Heidi has a reverence for books and music that most people reserve for church. She is an American living in England with her husband and three children. Everyone in her house has big feelings and strong personalities. Sometimes people pay her to write. Most of her days are spent doing yoga, cooking, walking, reading and listening to music.
The children are all mysteriously, gracefully, occupied and my husband and I are watching music videos alone, one of our favorite and oldest shared pastimes. We flip through the channels quickly, lamenting how awful things are, making too many Beavis and Butthead references and playing games of brinksmanship to see who will cry uncle first when we’re sitting through Bryan Adams, 80’s metal or Lionel Ritchie videos (Just Kidding! We LOVE Lionel Ritchie videos.)
The Enrique Iglesias gem, “Tonight, I’m Lovin You” (NSFW) comes on. We happened across the unedited, euphemism and subtlety-free version on the Internet six months ago and, at the time, we both sort of admired the brazen lack of shame in Iglesias’ lyrics.
Watching it for a second time, my husband says this:
“Look, it’s like he’s in a hot chicks store where he can buy the one he wants. ‘There’s a blonde one, I’ll have one of those. And a brown-haired one, hmm she looks nice and ooh, an acrobatic one. Yes, tonight I’ll be having you.’ Have I been hanging out with you too long, or is this incredibly awful and sexist?”
“No! It’s not just you, it is incredibly sexist.”
“You don’t really notice sexism at first, but once you see it, you realize it’s everywhere.”
. . .
I’ve claimed the feminist label for a long time now. So long that sometimes I’m surprised when people find it alienating. Feminism gives me a framework, a tool to break down the tangled relationship between religion, culture and history. But any tool that is used to understand human beings must be flexible because people are layered and complex. I see sexism everywhere, but it’s not the only thing I see.
. . .
A few days later, I tell my husband I’m writing a piece about the Enrique Iglesias conversation.
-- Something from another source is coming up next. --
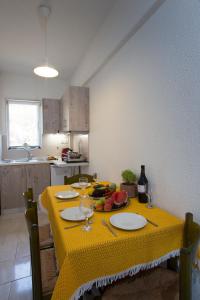a kitchen with a table with a yellow table cloth at Spathies in Kalogria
“It’s about your feminist awakening,” I say.
“It wasn’t really a feminist awakening, more of a feminist epiphany.”
“What’s the difference?”
“You’re not going to make me sound like a douche, are you?”
“Why would having a feminist epiphany make you sound like a douche?”
“I don’t know. The thing is, I’ve never ever thought that a woman isn’t as smart or as good as a man, but I don’t think I really got all the sexism you talk about. And then watching that video the other day, maybe because it was so blatant, the penny dropped. I just really saw it.”
“So, would you ever think of yourself as a feminist?”
“No! I just don’t want my little girls to grow up believing that the pinnacle of their existence would be to be hot enough to have a threesome with Enrique Iglesias.”
“Let me ask something else. Would you like your little girls to grow up to believe that the pinnacle of their existence would be to be modestly hot enough to attract a righteous priesthood holder and make babies?”
“Anything is better than Enrique Iglesias … but not really. I’d like them to grow up and make babies if they want to make babies or be artists or scientists, I want them to be whatever they want to be.”
“Hmmm, it sounds like you are a feminist.”
“I don’t think it’s OK for men to call themselves feminists and then come in and tell women what to do. Women need to own feminism.”
“A lot of women do, but being a woman doesn’t automatically make you a feminist. And both men and women are heavily rewarded for sustaining the patriarchy and keeping it going. Look at church. If you step outside the culture, things start to look weird — like women not being allowed to be in the building without a priesthood holder there to ‘protect’ them or all the times I’ve seen women in leadership positions pray about callings, receive inspiration to call a certain woman and have that inspiration ignored by a bishop who puts someone else in the calling instead. But when you are in the culture, that is just the way things are done and often the men and women who enforce these things are really nice people. You need some of those nice people, both men and women, to question the status quo.”
“It’s not that I don’t see that, but I don’t like the label. Women are feminists, men can’t be feminists. Men just need to stop being sexist.”
. . .
My husband is uneasy about the label. Who can blame him? People still think that female feminists are shrill and overly sensitive and male feminists are Birkenstocked and pretentious. Feminists don’t like laughing at Steven Segal movies on late-night TV, World of Warcraft or boobs. They don’t like fashion and sex or have a sense of humor. They can’t simply be men who care about the women in their lives and see them as whole people or women who believe equality is better for everyone, not just women.